Parece saborear contarle su destino.—El guardia compañero le espeto:—Si quieres
que dure más de un par de semanas, es mejor que empieces a presumir de lo que
le hiciste a tu hermana y su novio. Encuentra saliva y comienza a usarla para
gritar como un loco.
—El
guardia, dos, el regordete sonríe ante los gritos locos, parece disfrutarlo.
Los médicos se sientan juntos, Este trabajo es difícil. Odio ver a gente tan
prometedora consumirse en delirios.
El Dr. Lasalle solo puede mirar la mesa y negar con la cabeza.—Es muy triste
pensar que una mente tan creativa se desmorona en lugar de pintar, escribir o
demonios... Cualquier otra cosa. El Dr. Ansorena hace una pausa para
hacer girar su café en la taza que tiene frente a él. —Si tan solo hubiéramos
podido encontrar una manera de reprimir su imaginación en lugar de dejar que se
rompiese como lo hizo. —Toma un sorbo de su café frío y niega con la cabeza. Hicimos
todo lo que pudimos. Estoy seguro de que si no pudiéramos salvarlo, no podría
salvarse en absoluto. El Dr. Lasalle pone su mano sobre su hombro.—Unos 3
segundos. La retira— Es como si esas ideas fueran tan reales para él como tú
para mí. Tal vez al suministrarle ese coctel de
medicamentos y alejarlo de esa otra realidad que estaba en su mente.

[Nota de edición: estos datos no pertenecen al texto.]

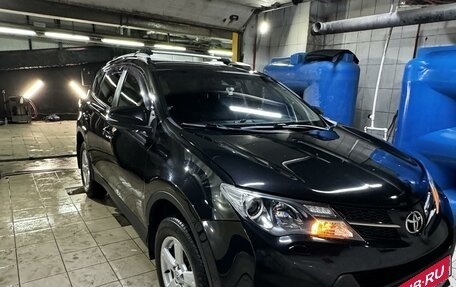 Toyota RAV4, 2013 год, 2 350 000 рублей, 1 фотография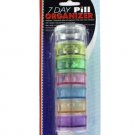 7 Day Pill Organizer
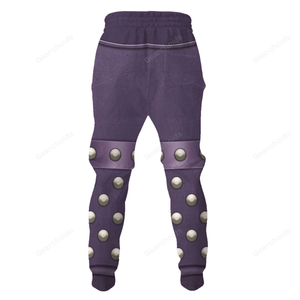 Warhammer Emperor Children - Costume Cosplay Hoodie Sweatshirt Sweatpants WHHS14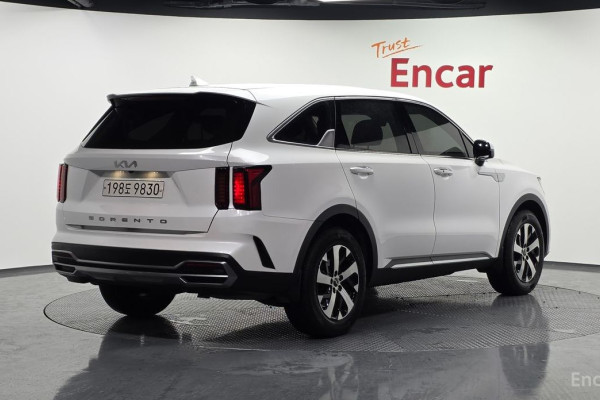 2022 Kia Sorento с пробегом 98 386 км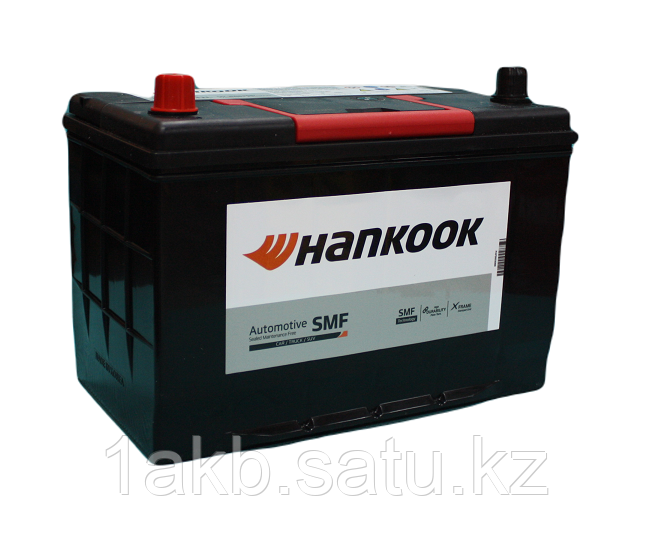 Аккумулятор HANKOOK 90 Ач, MF105D31R - фото 1 - id-p67229687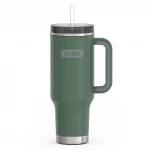 Thermos 40oz Stainless Steel Mug with Handle – Vacuum Insulated, Leak-Resistant & Cup Holder Friendly - Thermos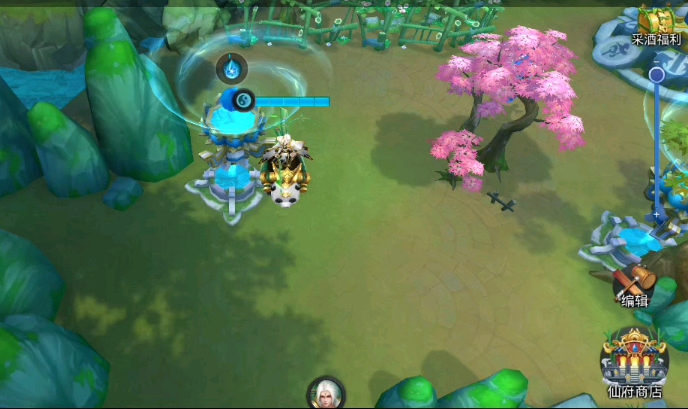 乱斗西游2仙府迷踪怎么打3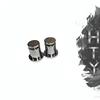 Carbon steel nickel plated shoulder screw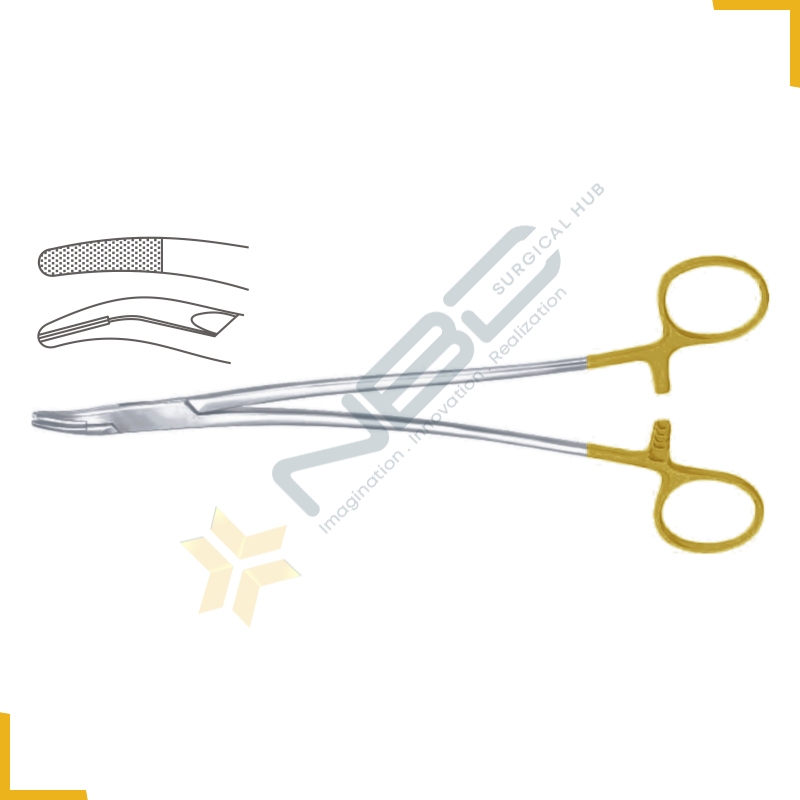 TC Stratte Needle Holder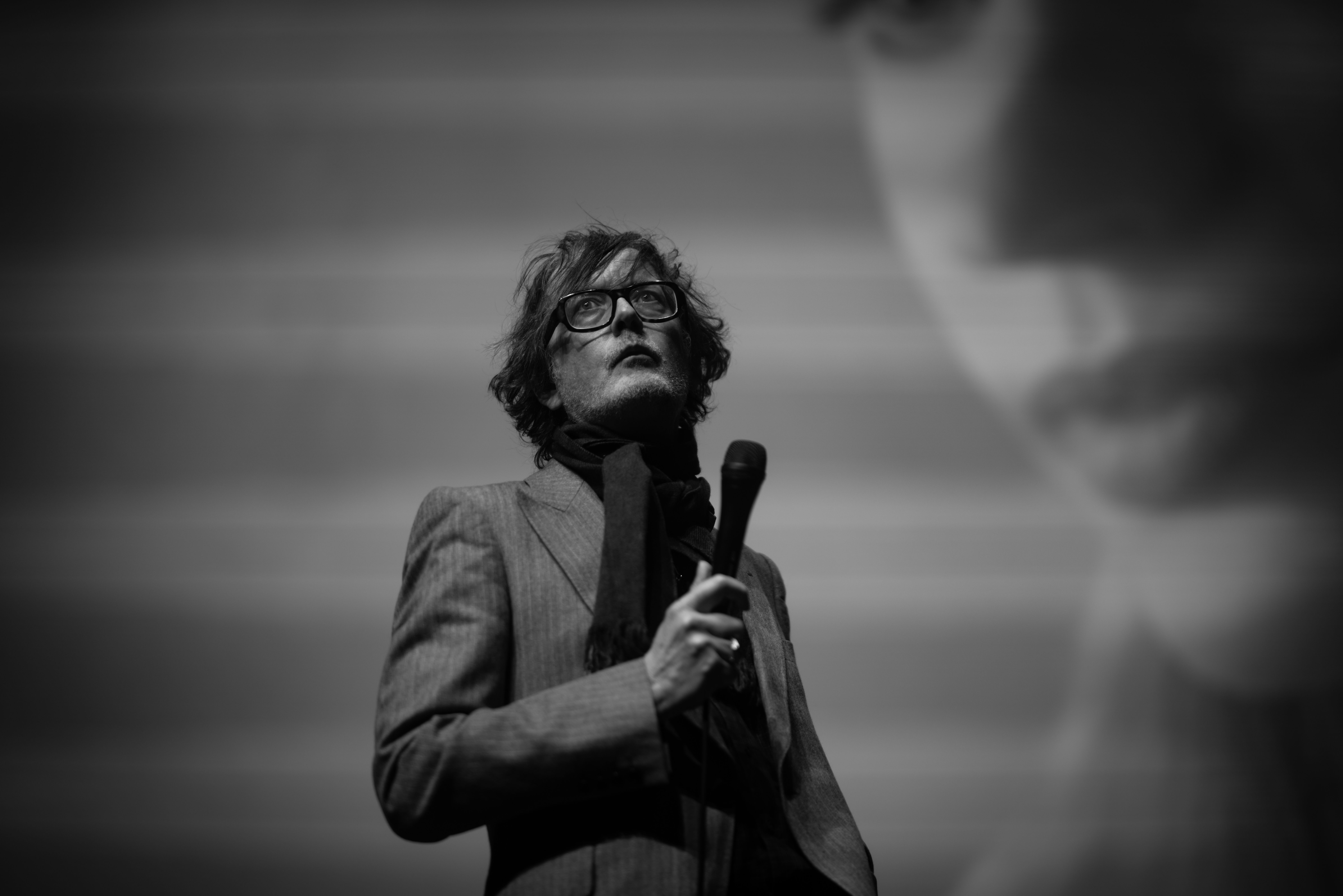 Source-feed image associated with Watch the First Trailer for Pulp’s New Film What Do You Do for an Encore?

Quién sabe. Quizás eso fue lo que lo hizo desquebrajarse y lo llevó a cometer esos actos
inenarrables, con esas personas, en su cabeza.
— ¡Hey, Pura! Encerramos
a ese puto psicópata en el infierno. —El guardia (regordete) de la prisión le cotillea a su esposa. —Ella
se estremece mientras sostiene su mano sobre su pequeña mesa. En la otra,
sostiene una taza de su café matutino, del que bebe un pequeño sorbo, Gracias a
Dios que el hombre está encerrado. Nunca pude entender porque alguien le haría
esas cosas a su propia hermana: violarla y asesinarla. Es simplemente, una
locura enfermiza. El horror, el mal y las almas.